The fund rules evidence that the Fund has been established as a genuine pension, superannuation and/or retirement fund solely providing superannuation benefits for non-residents of Australia. It has been set up and maintained outside of Australia by non-residents of Australia. Furthermore, no contributions to the Fund are capable of being claimed as a rebate or deduction under any section of the ITAA 1936 or ITAA 1997. The trustee of the Fund is exempt from income tax in the country of residence. It is therefore considered to be a superannuation fund for foreign residents, as defined by section 118-520 of the ITAA 1997.

Does the Fund receive income that consists of interest, or consist of dividends or non-share dividends paid by a company that is a resident

The Fund holds a number of Australian securities upon which it derived interest and dividend income from August 2014 to present. These investments are not held via interposed entities.

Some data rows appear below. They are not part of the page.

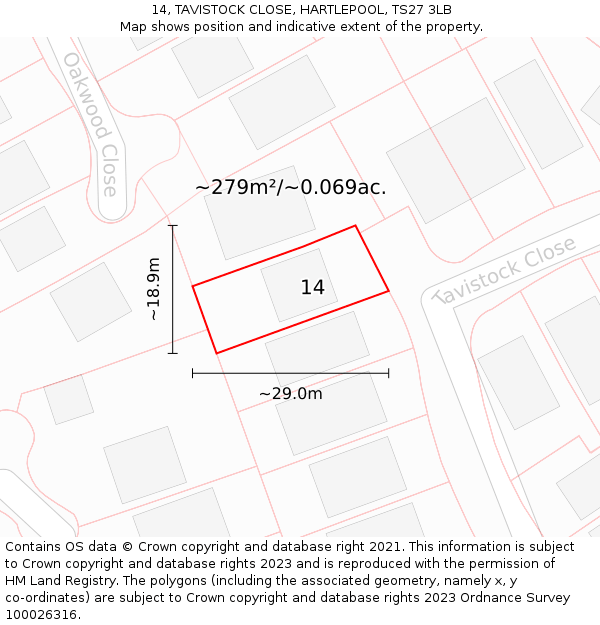 14, TAVISTOCK CLOSE, HARTLEPOOL, TS27 3LB: Plot and title map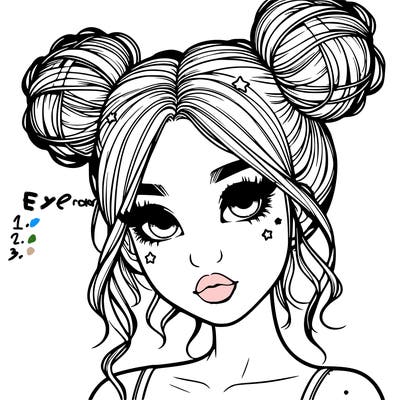 realistic girl with space buns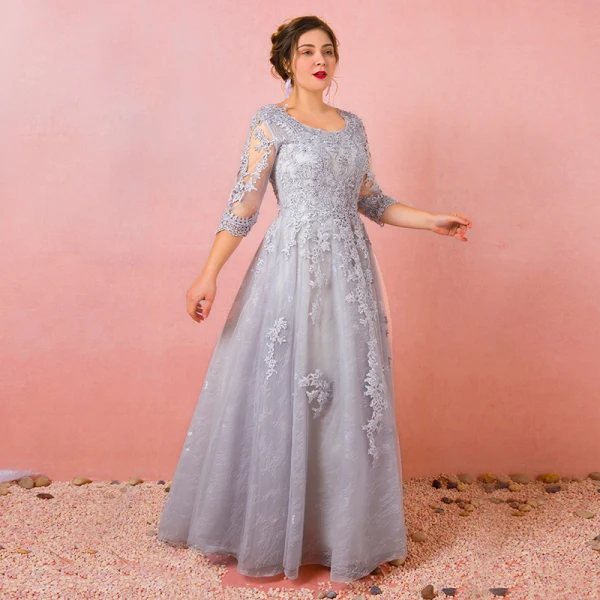 Chic / Belle Gris Grande Taille Robe De Soirée 2018 Princesse Tulle U-Cou Appliques Dos Nu Perlage Fait main Soirée Robe De Ceremonie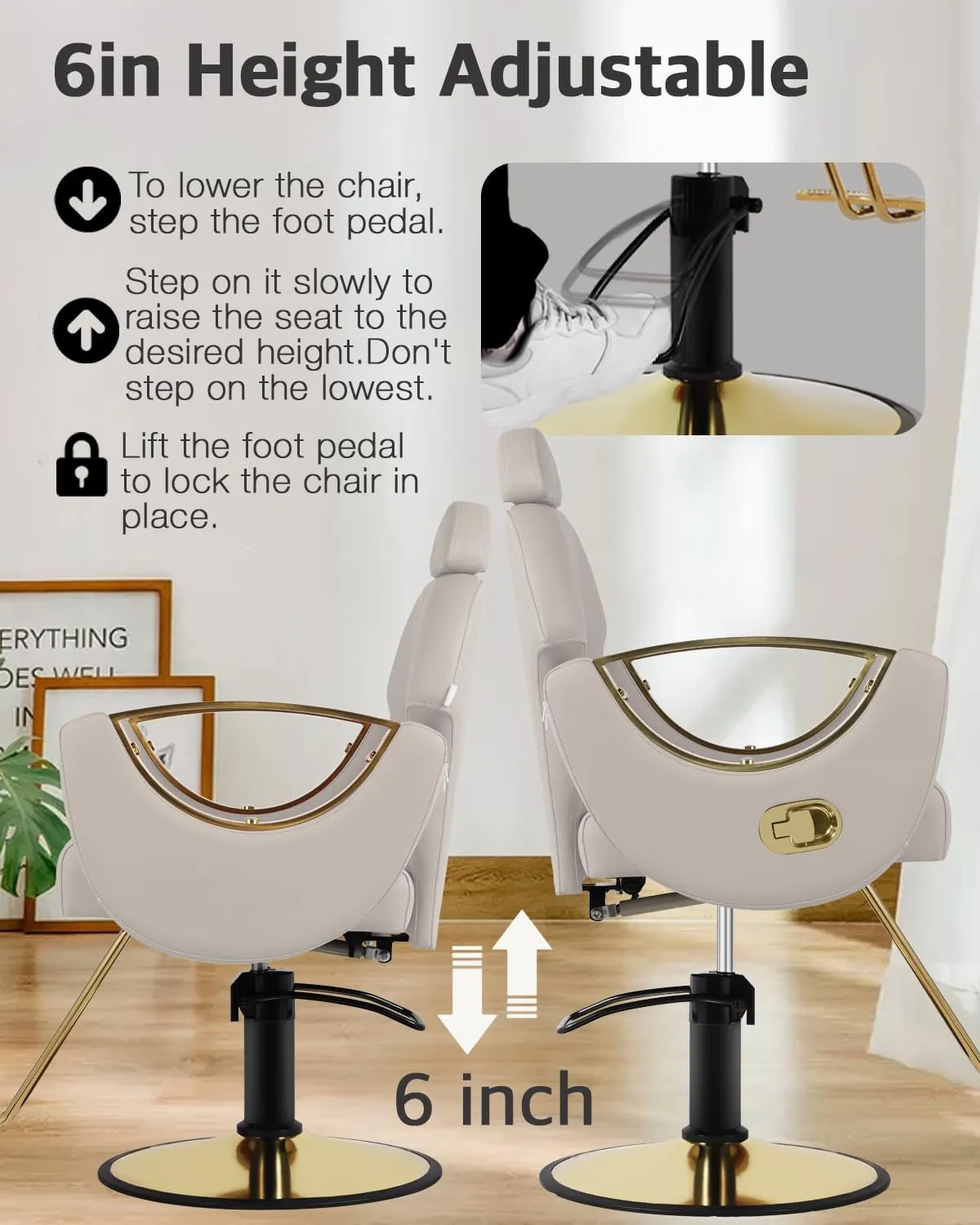 Salon Chair, Reclining Salon Chair for Hair Stylist, Barber Chair with Heavy Duty Hydraulic Pump, Hair Chairs Tattoo Braiding Beauty Spa Equipment, Light Gray Gold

Therefore, the Fund satisfies the subparagraph 128B(3)(jb)(ii) of the ITAA 1936 in that it consists of interest, or consists of dividends or non-share dividends paid by a company that is a resident.

Is the Fund exempt from income tax in the country in which it resides?

The Fund is not subject to income tax in the foreign country of establishment on interest and dividends derived from Australian investments. Therefore, the Fund satisfies subparagraph 128B(3)(jb)(iii) of the ITAA 1936.

Conclusion

The Fund is a non-resident that is a superannuation fund for foreign residents. Its income consists of interest or dividends or non-share dividends paid by a company that is a resident of Australia and it is exempt from income tax in the foreign country where it resides. Therefore, paragraph 128B(3)(jb) of the ITAA 1936 is satisfied and the interest and dividend income derived by the Fund qualifies for exemption from withholding tax.

Question 2

Is interest, dividend and non-share dividend income derived by the Fund not assessable and not exempt income of the Fund under section 128D of the ITAA 1936?

Answer

Yes.

Detailed reasoning

Section 128D of the ITAA 1936 provides:

      ‘Income other than income to which section 128B applies by virtue of subsection (2A), (2C) or (9C) of that section upon which withholding tax is payable, or upon which withholding tax would, but for paragraph 128B(3)(ga),(jb) or (m), section 128F, section 128FA or section 128GB, be payable, is not assessable income and is not exempt income of a person.’

Dividend and interest income derived by the Fund would be subject to withholding tax under subsections 128B(1) and 128B(2) of the ITAA 1936 respectively, but for the operation of the withholding tax exemption under paragraph 128B(3)(jb) of the ITAA 1936. As paragraph 128B(3)(jb) of the ITAA 1936 is specifically referred to in section 128D of the ITAA 1936 any interest or dividend income derived by the Fund will be considered not assessable not exempt income under section 128D of the ITAA 1936.